Orchestrated data workflows using Oozie actions, including Hive, Shell, and Java tasks, to schedule and monitor data processing jobs in the Hadoop cluster.

Designed and optimized ETL processes using Ab Initio’s Graphical Development Environment (GDE) to streamline data integration from diverse financial systems, resulting in a 40% reduction in processing time and improved data accuracy for critical reporting and analytics.

Built and deployed cloud-native data solutions on GCP, focusing on data lakes and cloud databases such as BigQuery and Cloud SQL.

Built and managed enterprise-level ETL pipelines using Informatica Cloud and AWS Glue, supporting end-to-end data ingestion and transformation.

Led efforts to implement secure and cost-effective AWS S3 data lakes, ensuring compliance with organizational standards.

Enhanced CI/CD practices by incorporating Jenkins pipelines for seamless deployment, monitoring, and rollback capabilities.

Provided mentorship to junior engineers on best practices for designing workflows in IICS and optimizing SQL-based solutions.

Designed and developed custom Python scripts for data validation and transformation, integrating them into existing pipelines.

Migrated legacy ETL pipelines to GCP using Data Fusion, improving data processing efficiency.

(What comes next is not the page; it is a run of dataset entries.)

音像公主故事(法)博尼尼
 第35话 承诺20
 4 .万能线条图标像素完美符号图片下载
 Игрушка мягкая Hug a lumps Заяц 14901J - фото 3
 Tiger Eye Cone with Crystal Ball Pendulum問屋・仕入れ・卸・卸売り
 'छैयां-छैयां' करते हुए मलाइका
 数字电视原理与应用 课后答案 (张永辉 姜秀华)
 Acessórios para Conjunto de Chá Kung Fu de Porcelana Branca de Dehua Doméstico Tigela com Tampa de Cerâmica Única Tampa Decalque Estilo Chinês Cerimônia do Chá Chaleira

Designed data models using Erwin to support rebate calculations and financial reporting.

Orchestrated data workflows using Cloud Composer and automated data pipeline deployment with Terraform.

Implemented streaming solutions using Kafka and Pub/Sub for real-time rebate data processing.

Built end-to-end data pipelines leveraging GCP services like BigQuery, Cloud Storage, and Cloud Composer to streamline data integration and transformation.

Orchestrated workflows using Cloud Composer to automate ETL processes and improve reliability and scalability.

Designed and deployed Vertex AI pipelines for predictive analytics, enabling actionable insights for business strategies.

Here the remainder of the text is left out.